WHAT YOU ARE ASKED TO DO: Pictures are not part of the answer. Write out exactly the lines from the one containing "Arctic Metallic /" through the end of the material below.

.....

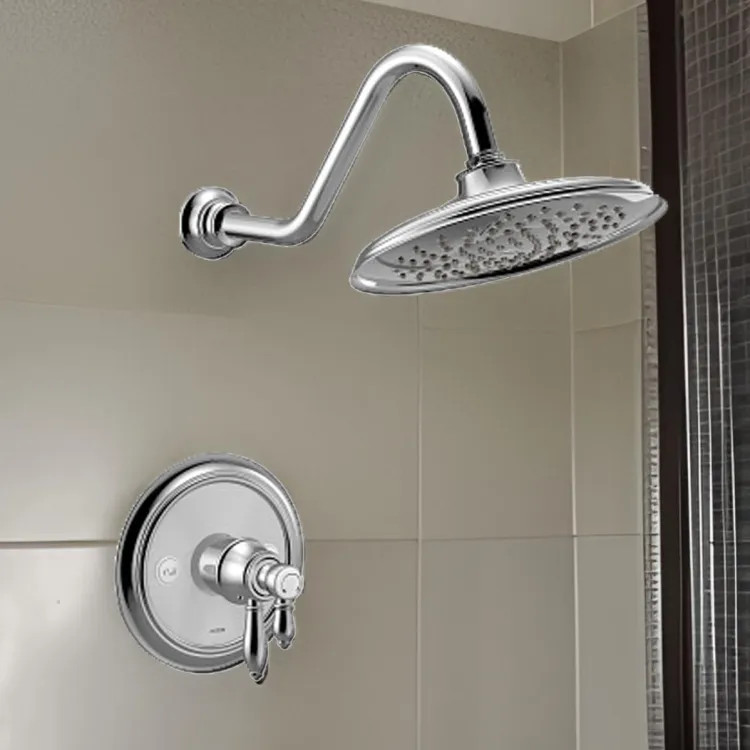 Moen Weymouth 9" Eco-Performance Rainshower Faucet, Lever Handle, Two Function, M-Core 4, Thermostatic Cartridge, 1.75 GPM, Chrome - UTS43102EP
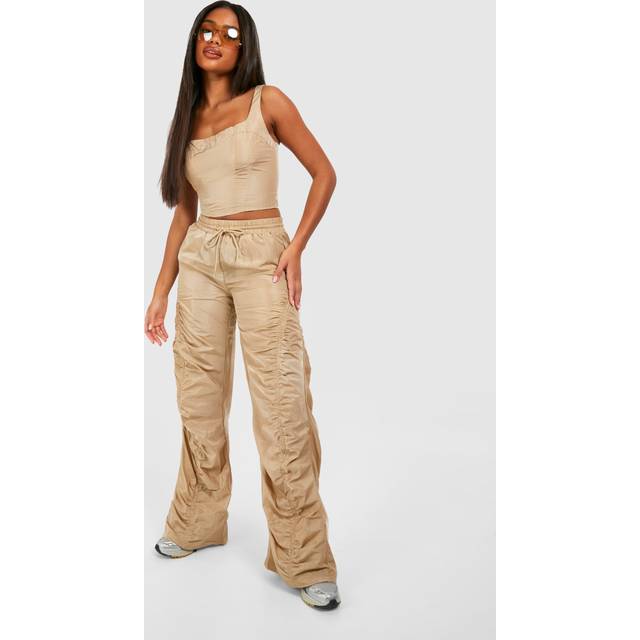 Womens Parachute Ruched Trouser - Beige - 12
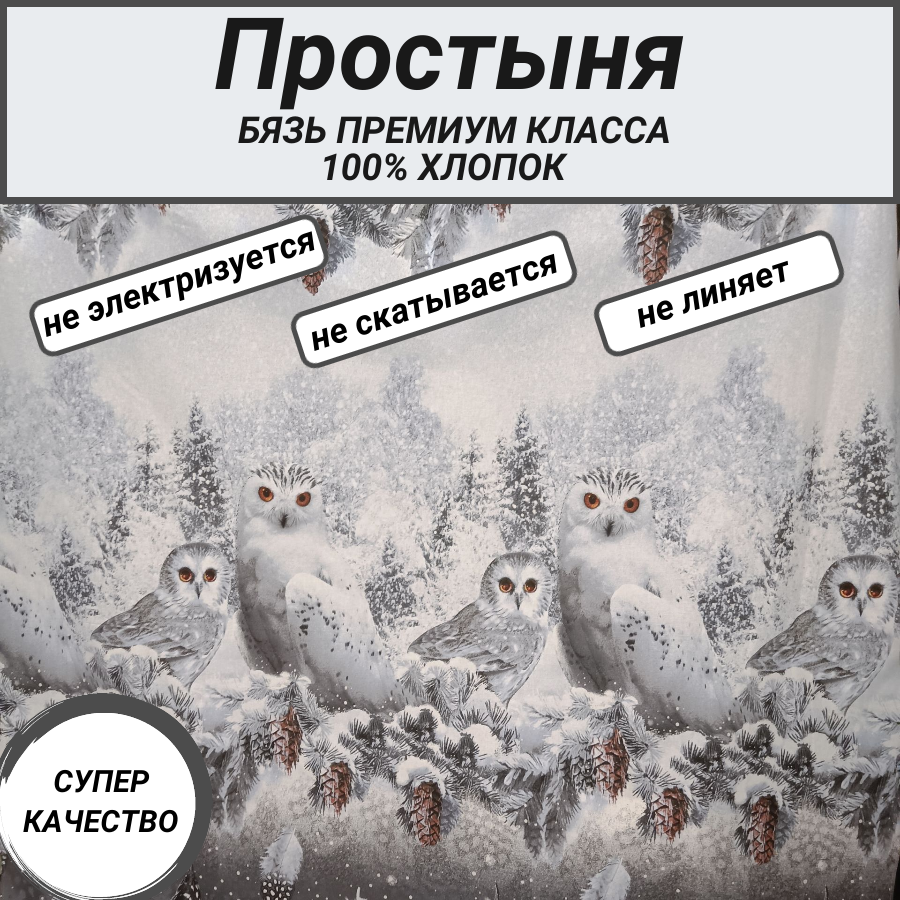 Простыня евро (200х220) "Совы" СПАЛЕНКА78, бязь Премиум класса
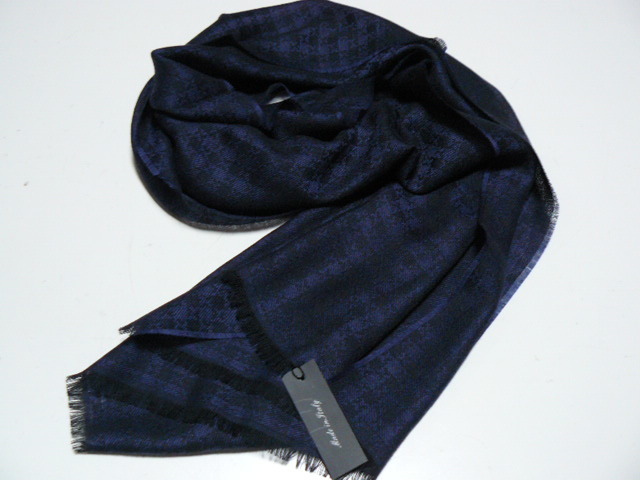 Les Copains◆192㎝×52㎝◆Made in Italy◆navy black◆マフラー/ストール/男女◆100% wool◆レコパン◆幅広_画像8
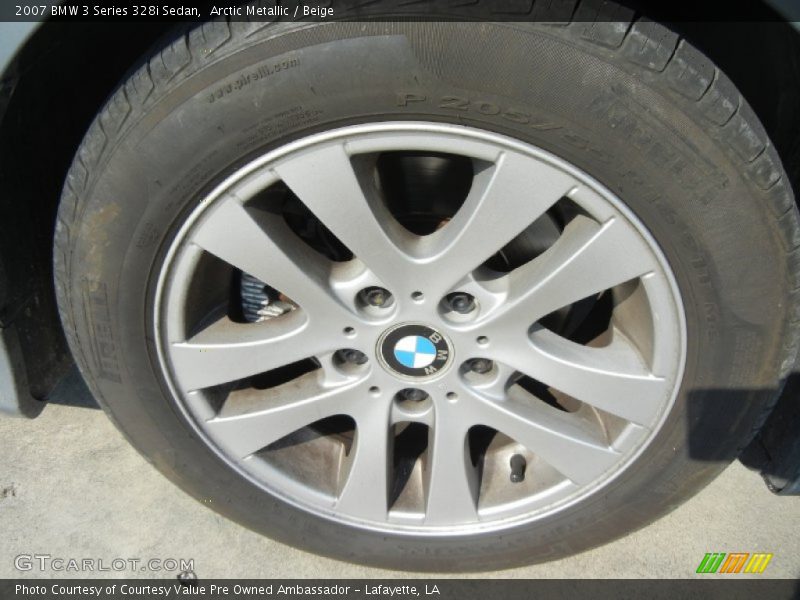 Arctic Metallic / Beige 2007 BMW 3 Series 328i Sedan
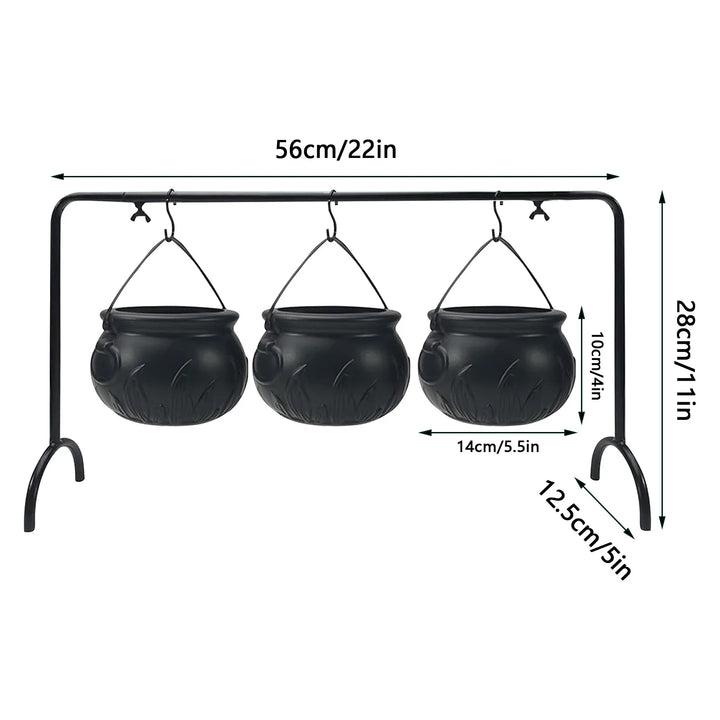 Rynx | Halloween Party 3-piece Witch Glass Candy Bowl Stand Black Plastic Kitchen Decoration Ornaments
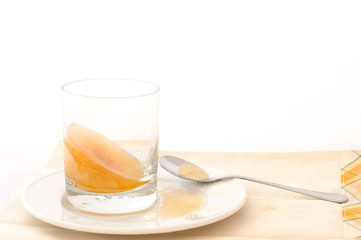 Iced coffee with white background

.....

ANSWER AREA:
 Arctic Metallic / Beige 2007 BMW 3 Series 328i Sedan
 Rynx | Halloween Party 3-piece Witch Glass Candy Bowl Stand Black Plastic Kitchen Decoration Ornaments
 Iced coffee with white background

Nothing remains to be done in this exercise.